▶ **WORK REQUEST**: Repeat exactly what runs from the line with "14k White Gold" through the last line of the material, and keep the pictures out of it.

▶ **ENTRIES SHOWN**:

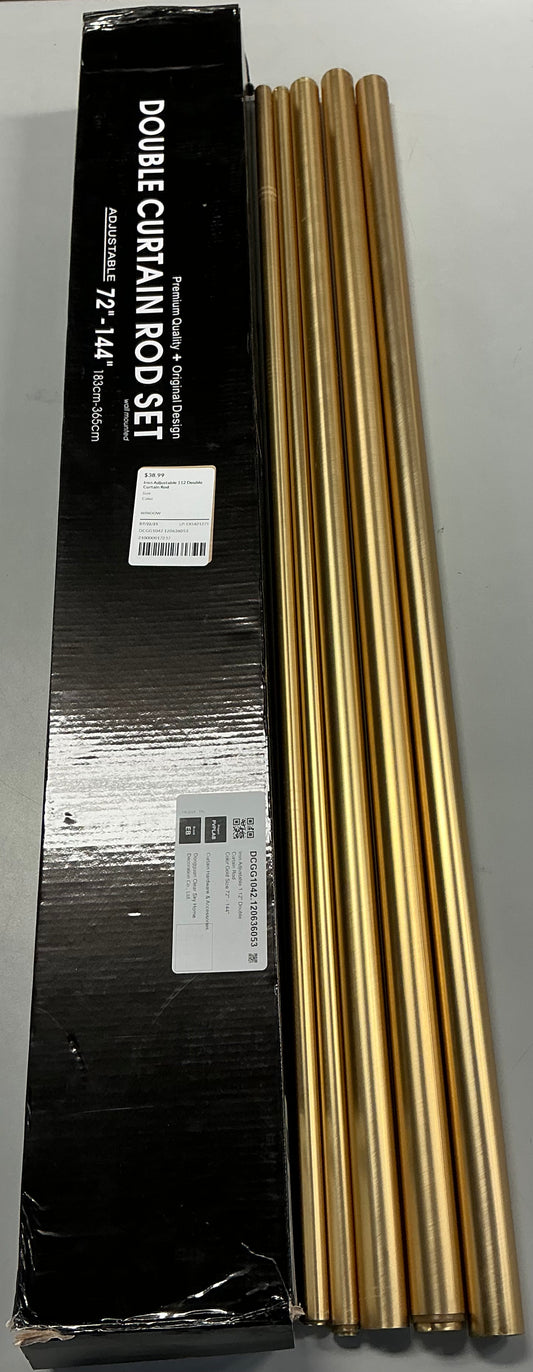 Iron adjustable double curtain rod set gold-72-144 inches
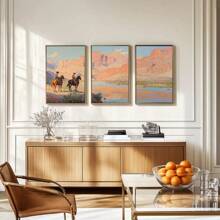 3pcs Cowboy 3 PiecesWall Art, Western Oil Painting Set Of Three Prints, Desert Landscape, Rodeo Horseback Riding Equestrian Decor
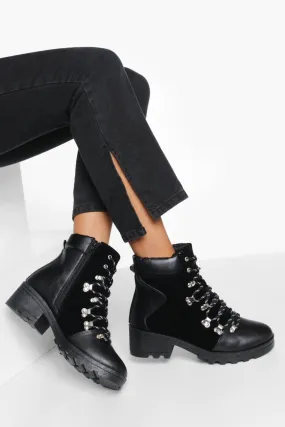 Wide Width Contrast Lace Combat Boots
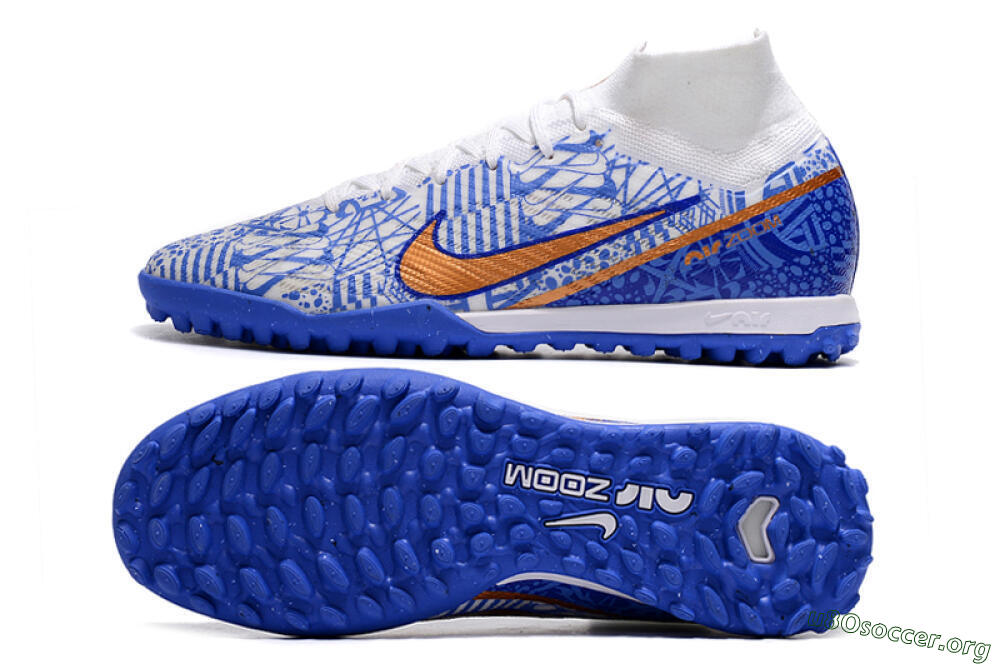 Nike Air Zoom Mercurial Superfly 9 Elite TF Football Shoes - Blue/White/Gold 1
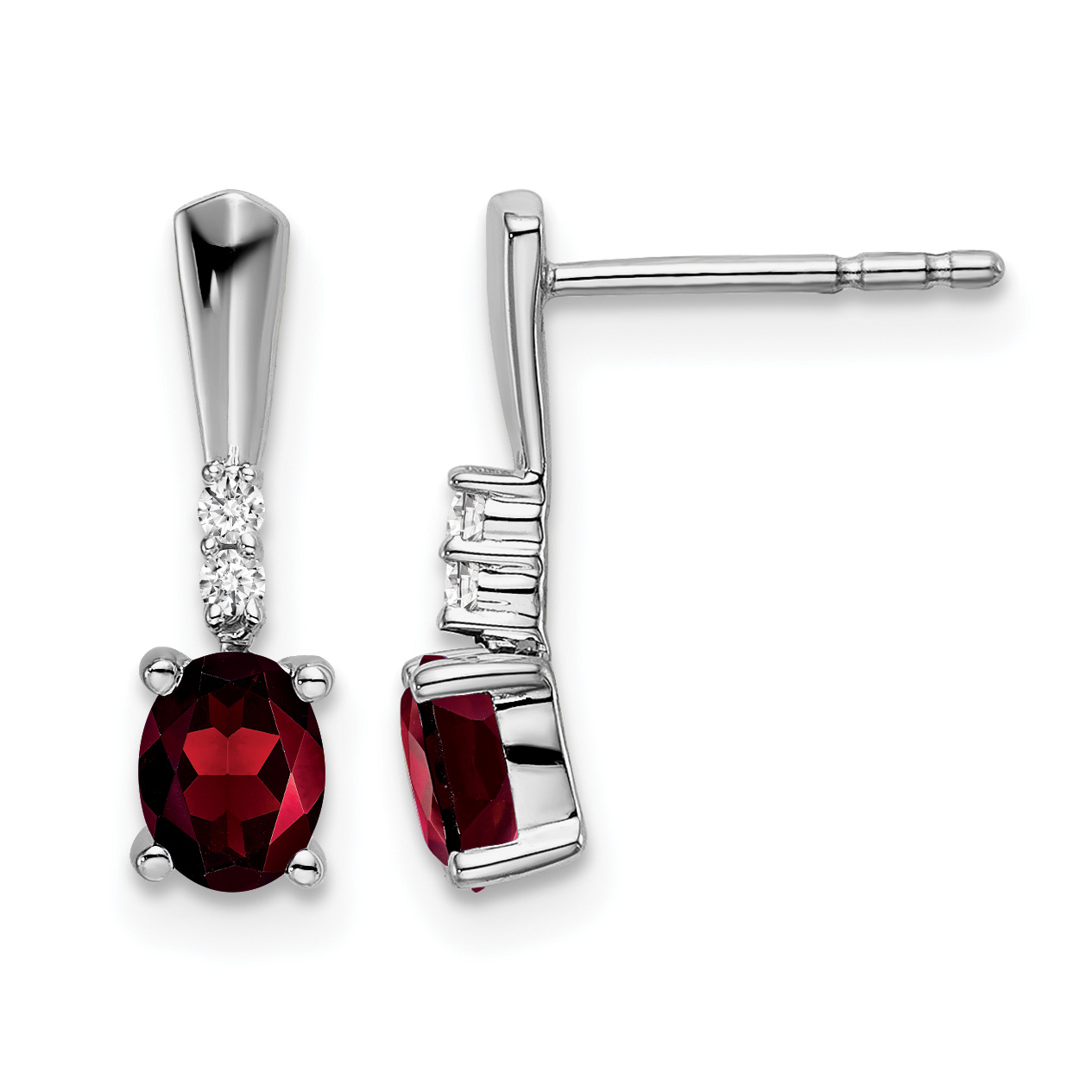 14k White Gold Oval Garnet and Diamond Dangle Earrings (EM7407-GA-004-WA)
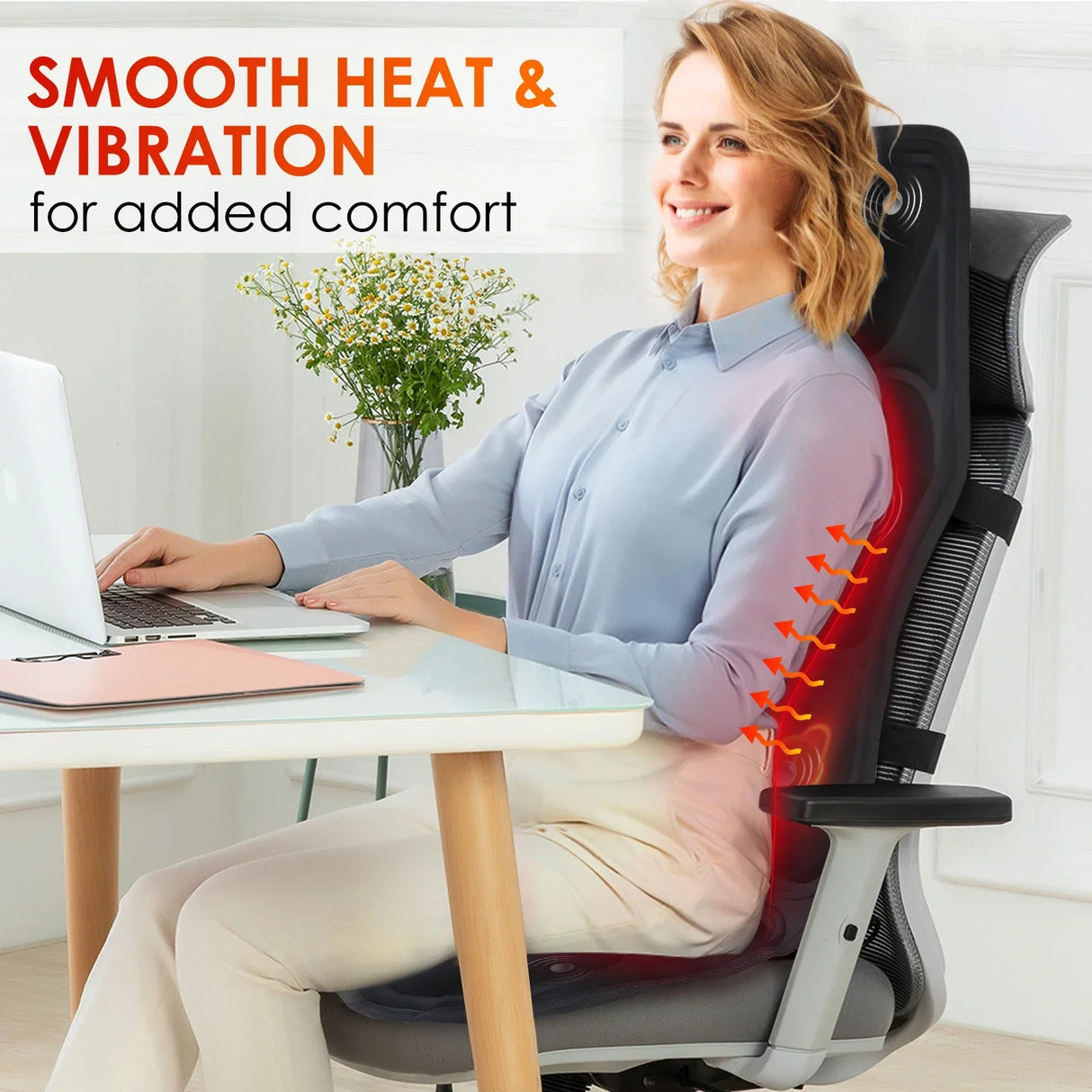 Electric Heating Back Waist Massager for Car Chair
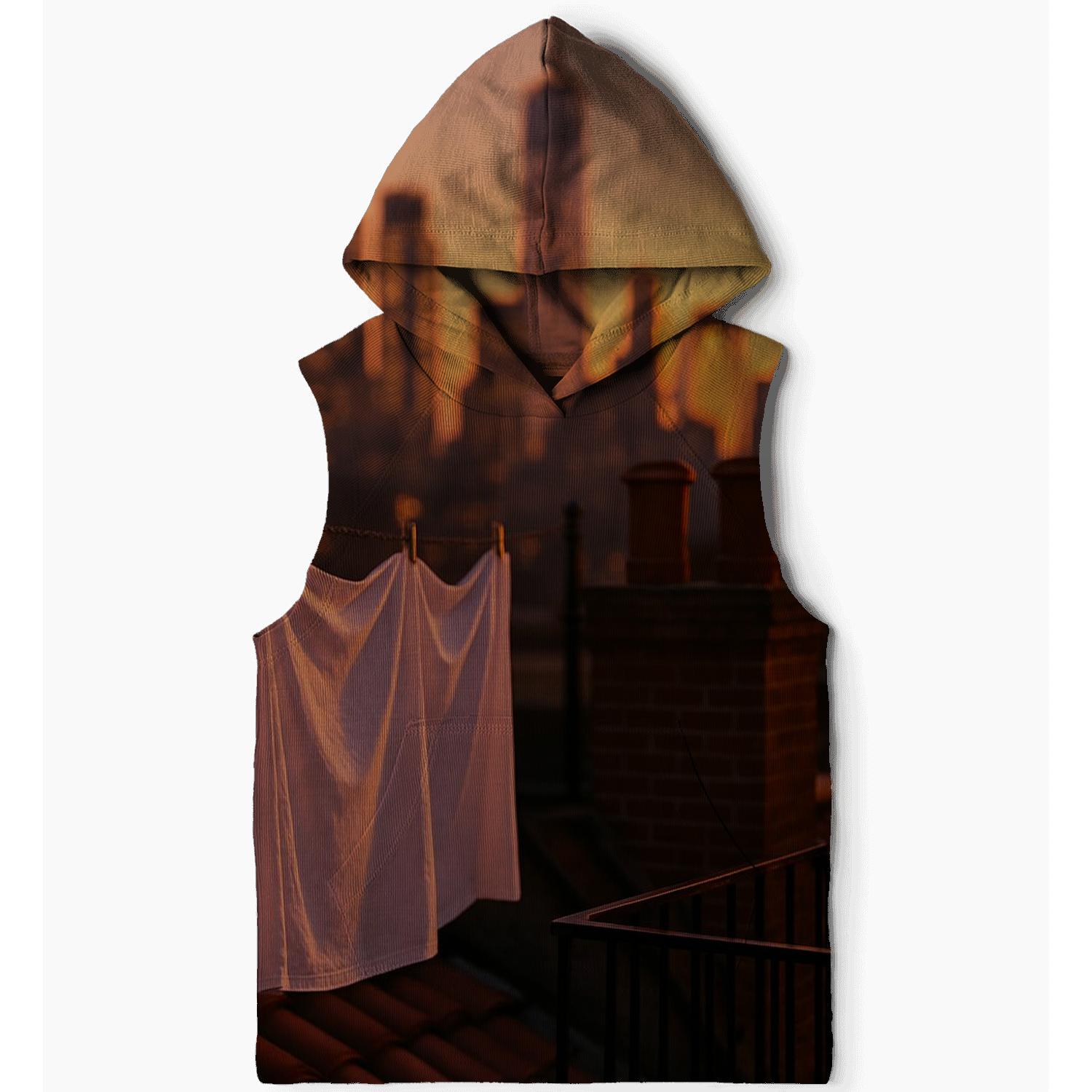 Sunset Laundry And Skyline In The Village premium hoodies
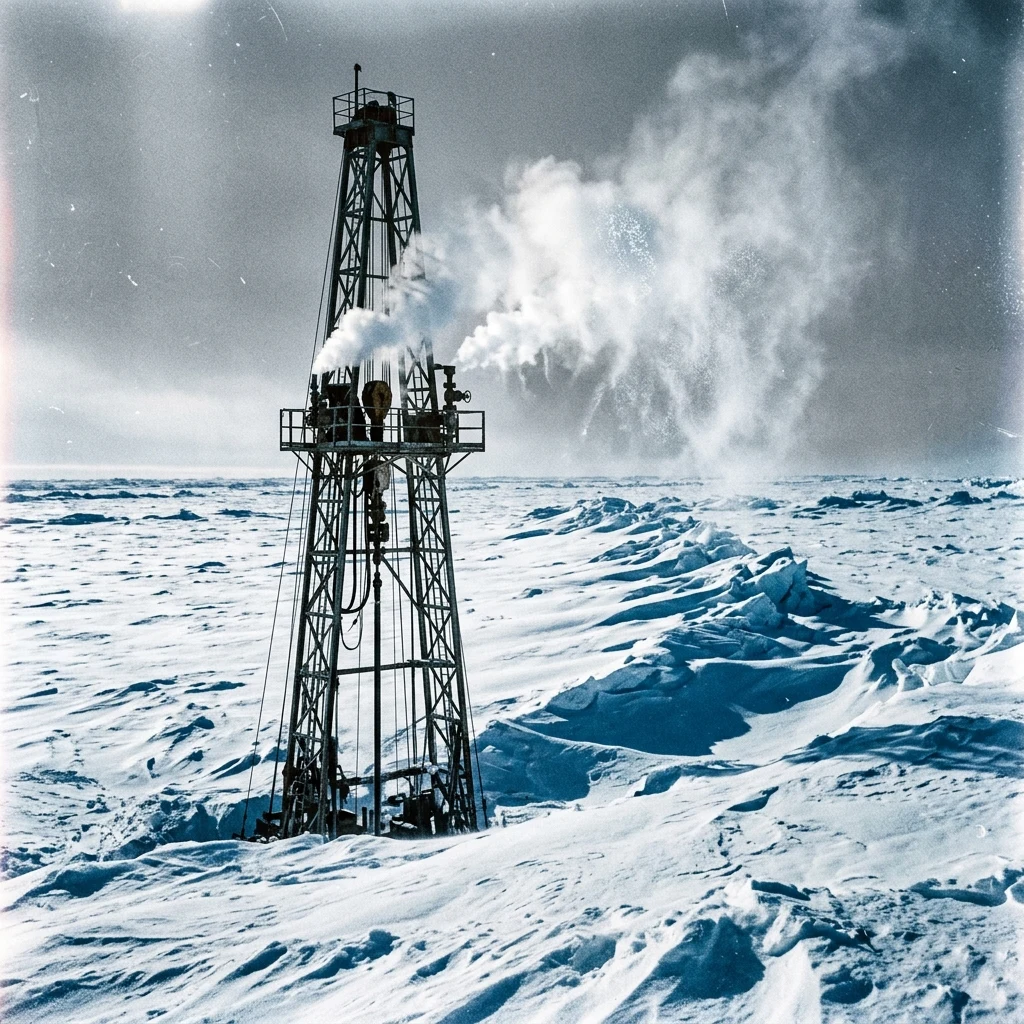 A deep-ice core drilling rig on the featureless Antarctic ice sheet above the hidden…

▶ **TASK SOLUTION**:
 14k White Gold Oval Garnet and Diamond Dangle Earrings (EM7407-GA-004-WA)
 Electric Heating Back Waist Massager for Car Chair
 Sunset Laundry And Skyline In The Village premium hoodies
 A deep-ice core drilling rig on the featureless Antarctic ice sheet above the hidden…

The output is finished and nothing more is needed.